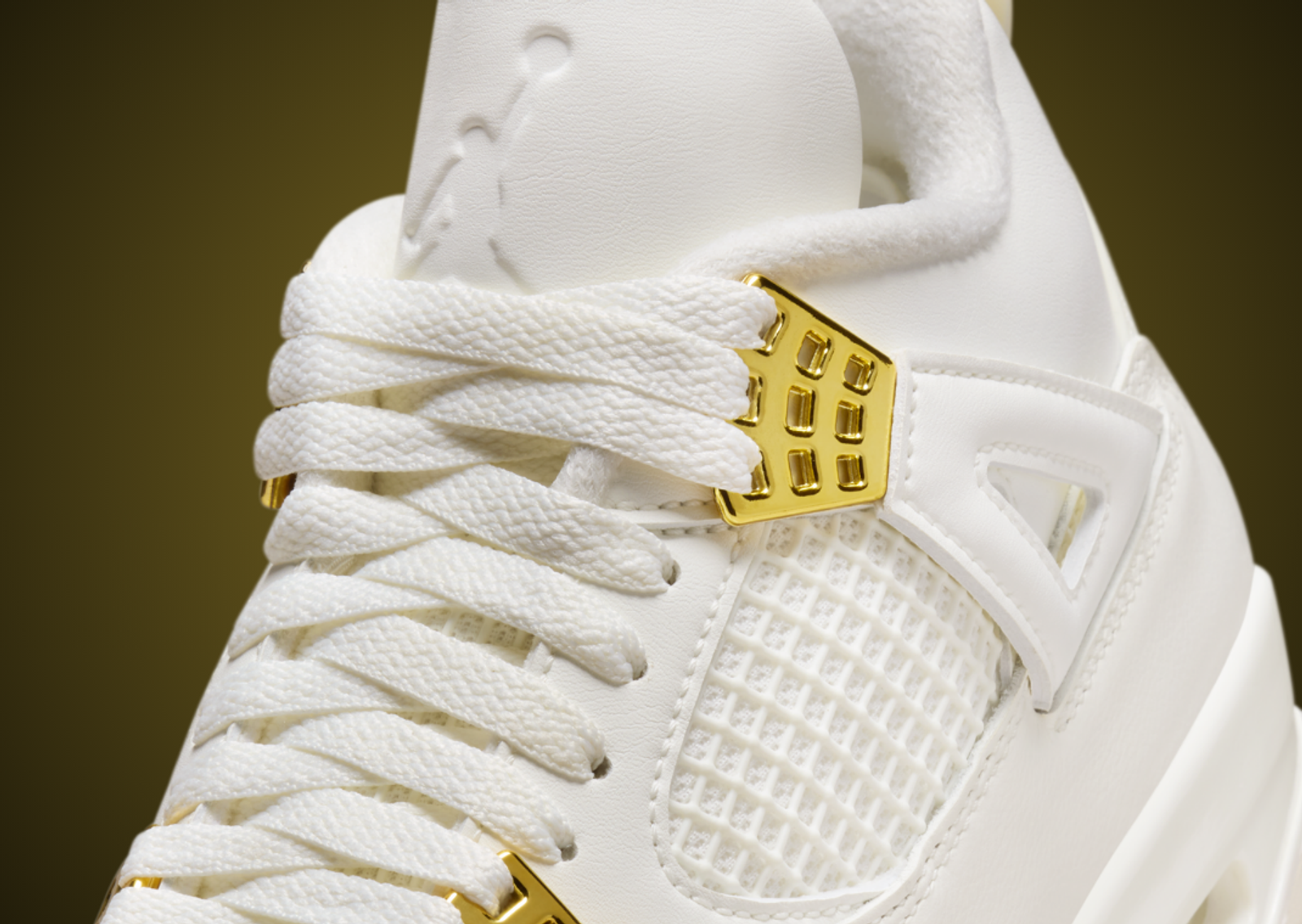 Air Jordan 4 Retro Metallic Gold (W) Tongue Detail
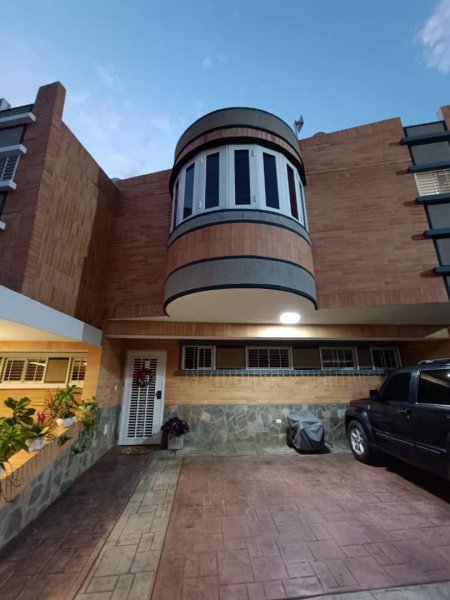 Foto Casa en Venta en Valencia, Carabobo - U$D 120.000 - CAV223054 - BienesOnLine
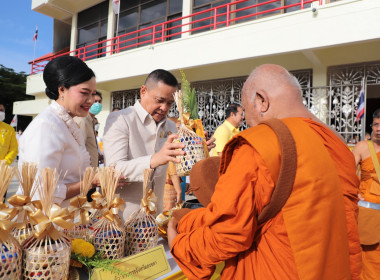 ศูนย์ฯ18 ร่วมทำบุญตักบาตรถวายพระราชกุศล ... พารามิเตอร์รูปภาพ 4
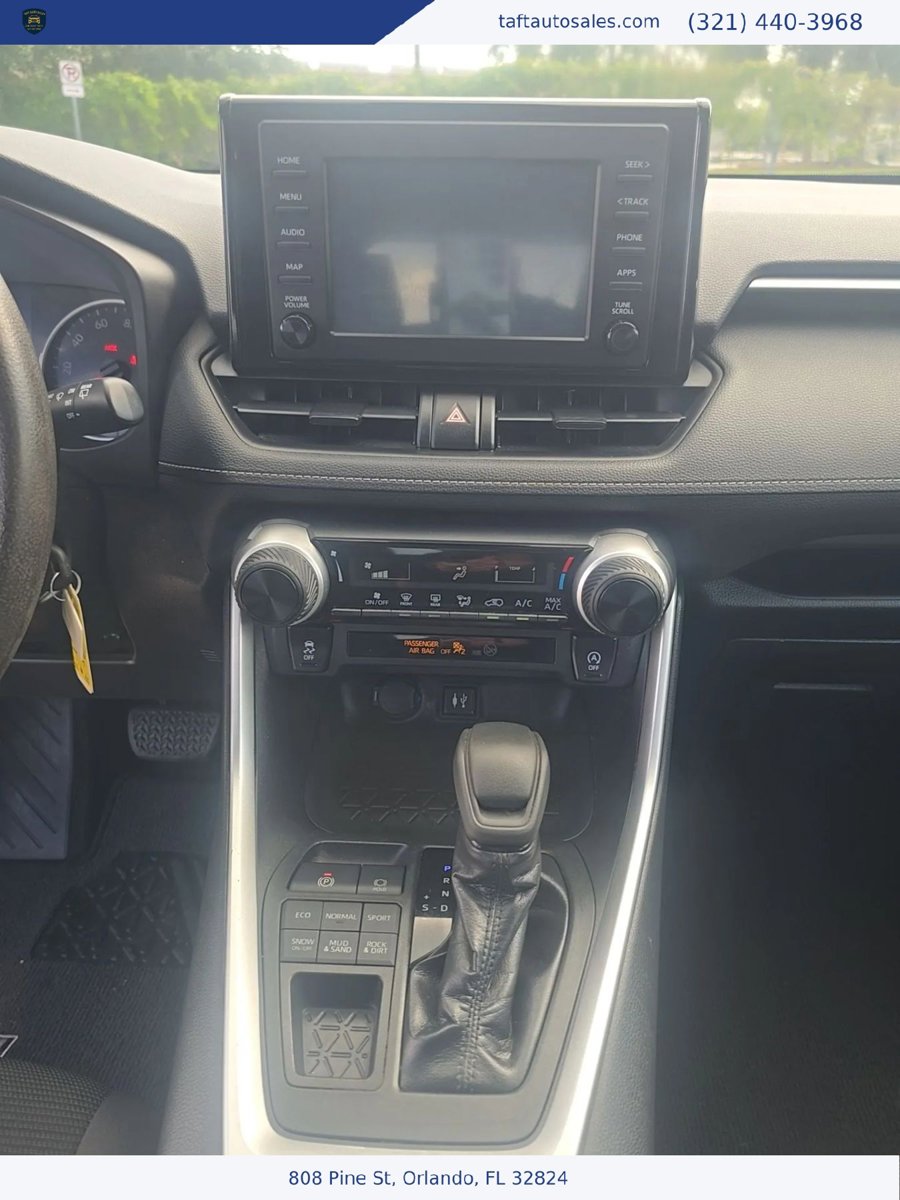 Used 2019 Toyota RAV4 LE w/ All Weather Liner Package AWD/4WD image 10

■ ■ ■

> [What to do] Print the whole listing above exactly, and keep every picture out of the copy.

> [Answer section]
 Air Jordan 4 Retro Metallic Gold (W) Tongue Detail
 Foto Casa en Venta en Valencia, Carabobo - U$D 120.000 - CAV223054 - BienesOnLine
 ศูนย์ฯ18 ร่วมทำบุญตักบาตรถวายพระราชกุศล ... พารามิเตอร์รูปภาพ 4
 Used 2019 Toyota RAV4 LE w/ All Weather Liner Package AWD/4WD image 10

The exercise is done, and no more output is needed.